The NASA Office of the Inspector General (OIG) disagrees with NASA's announcement last week that the next American astronauts will land on the Moon in 2025, a year later than previously planned. According to a new audit released today, it won't be until 2026 at the earliest, and the Artemis program will cost $93 billion through 2025.
"Moreover, while NASA has several initiatives underway aimed at increasing affordability, we project the current production cost of a single SLS/Orion system to be $4.1 billion per launch," the OIG report states.
NASA admitted last week that it will not be able to fulfill the 2024 objective established by President Donald Trump in 2019 and adopted by President Joe Biden earlier this year. A seven-month delay in the creation of a Human Landing System (HLS) to get to and from the lunar surface was a key cause in the delay, as was litigation over the contract NASA awarded to SpaceX.
Current Administrator Bill Nelson stressed that the agency would not have a firm grasp on the timeline until it could meet down with SpaceX for a thorough study, but 2025 is the new tentative target.
Despite the fact that the Artemis program was originally announced in December 2017, work on Orion and the SLS began in 2011. So, the $93 billion projection in the OIG study covers more than a decade of spending, from FY 2012 through FY 2025. (Fiscal years in the U.S. begin on Oct. 1 and end on Sept. 30; FY2012, for example, began on Oct. 1, 2011).
The original plan to return to the moon was envisioned landing astronauts near the moon's south pole for the first time by 2028. In March 2019, however, the Trump administration hastened matters, re-targeting the first crewed lunar landing since the Apollo days for 2024 and calling the endeavor the Artemis program.
That revised schedule was widely seen among the space community as extremely ambitious, and NASA is no longer working toward it: Last week, agency boss Bill Nelson revealed that the first crewed Artemis landing will likely take place no earlier than 2025.
And 2025 is also out of reach.

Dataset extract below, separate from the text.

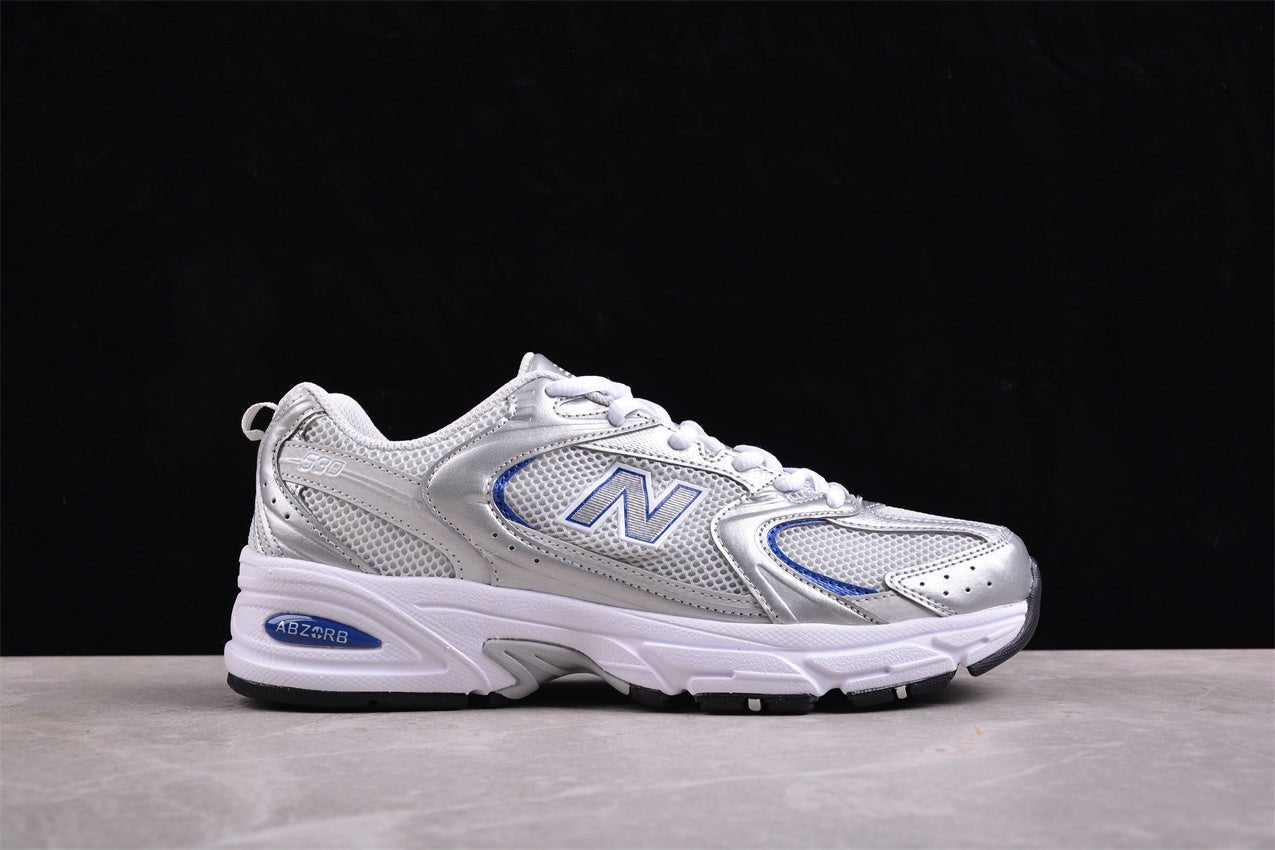 Essenza Rosa NB 530 Silver / Blue | sapatilhas Sole Rua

NASA will miss the Trump administration's late-2024 landing goal "by several years," according to the new OIG report, which cites the need to develop and test new Artemis spacesuits, which are behind schedule, as well as the program's HLS, which will ferry astronauts to and from the lunar surface.
For comparison, the U.S. spent $28 billion on NASA's Apollo moon program between 1960 and 1973, according to the nonprofit Planetary Society. In today's dollars, that's around $280 billion.
Artemis' high cost is due in part to the fact that, except for the Orion capsule, subsystems, and launch facilities, "all components are expendable and 'single use,' unlike emerging commercial space flight systems," the Inspector General said.